While many relatives and their congressional representatives directed pleas for intervention to Mr. Vance, there is no indication that he himself knew anything of Jonestown before November 18, 1978. Within 48 hours of the deaths in Jonestown, however, Mr. Vance had asked the Guyana government for an immediate burial of the bodies in a mass grave, citing health and cost as the reasons for his request. The Guyana government balked at the idea, and to facilitate removal of the bodies, waived its requirement that victims of non-natural death receive autopsies. By Tuesday, November 21, both Mr. Vance and Defense Secretary Harold Brown had agreed that the bodies should be evacuated to the U.S. Nevertheless, according to U.S. government forensic pathologists, the disruption caused by the initial request for the mass grave and the haste to remove the bodies before Vance changed his mind, resulted in inadequate — even non-existent — examination of the bodies on the ground at Jonestown. Such examination might have answered many questions about the nature and circumstances of the deaths, both military and civilian pathologists have said.

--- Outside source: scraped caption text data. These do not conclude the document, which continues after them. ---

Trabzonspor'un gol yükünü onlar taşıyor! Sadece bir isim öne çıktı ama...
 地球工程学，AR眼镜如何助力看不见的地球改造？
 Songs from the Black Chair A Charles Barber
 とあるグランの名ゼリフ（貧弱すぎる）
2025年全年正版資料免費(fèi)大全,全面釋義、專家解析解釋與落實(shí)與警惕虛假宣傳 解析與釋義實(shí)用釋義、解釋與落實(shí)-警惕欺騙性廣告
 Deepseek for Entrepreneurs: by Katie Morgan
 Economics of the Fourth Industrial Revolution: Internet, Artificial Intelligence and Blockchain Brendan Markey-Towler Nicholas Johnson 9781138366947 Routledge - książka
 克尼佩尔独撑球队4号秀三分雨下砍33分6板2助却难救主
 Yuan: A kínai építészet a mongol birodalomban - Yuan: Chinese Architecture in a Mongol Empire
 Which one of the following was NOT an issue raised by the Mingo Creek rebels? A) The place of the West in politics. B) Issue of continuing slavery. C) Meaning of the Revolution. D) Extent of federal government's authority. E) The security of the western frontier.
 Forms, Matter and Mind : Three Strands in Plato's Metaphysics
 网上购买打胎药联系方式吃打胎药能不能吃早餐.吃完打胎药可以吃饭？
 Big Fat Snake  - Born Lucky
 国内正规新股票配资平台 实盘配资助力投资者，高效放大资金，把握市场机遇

The editors of the jonestown report have also learned of the following deaths:
Richard Cordell, who left Jonestown in the spring of 1978, died in December 1983. His wife Barbara and three of their four children died in Jonestown. His remaining son, Mark, survived his father’s death.
Beverly Oliver, who, together with her husband Howard Oliver, was active with the Concerned Relatives organization in an effort to remove her sons, Bruce and Bill, from Jonestown, died recently. Bruce and Bill died in Jonestown; Howard Oliver pre-deceased his wife.
Helen Swinney, a Jonestown survivor, died recently in South Carolina. She was in her late 80’s. Her husband and two children died in Jonestown.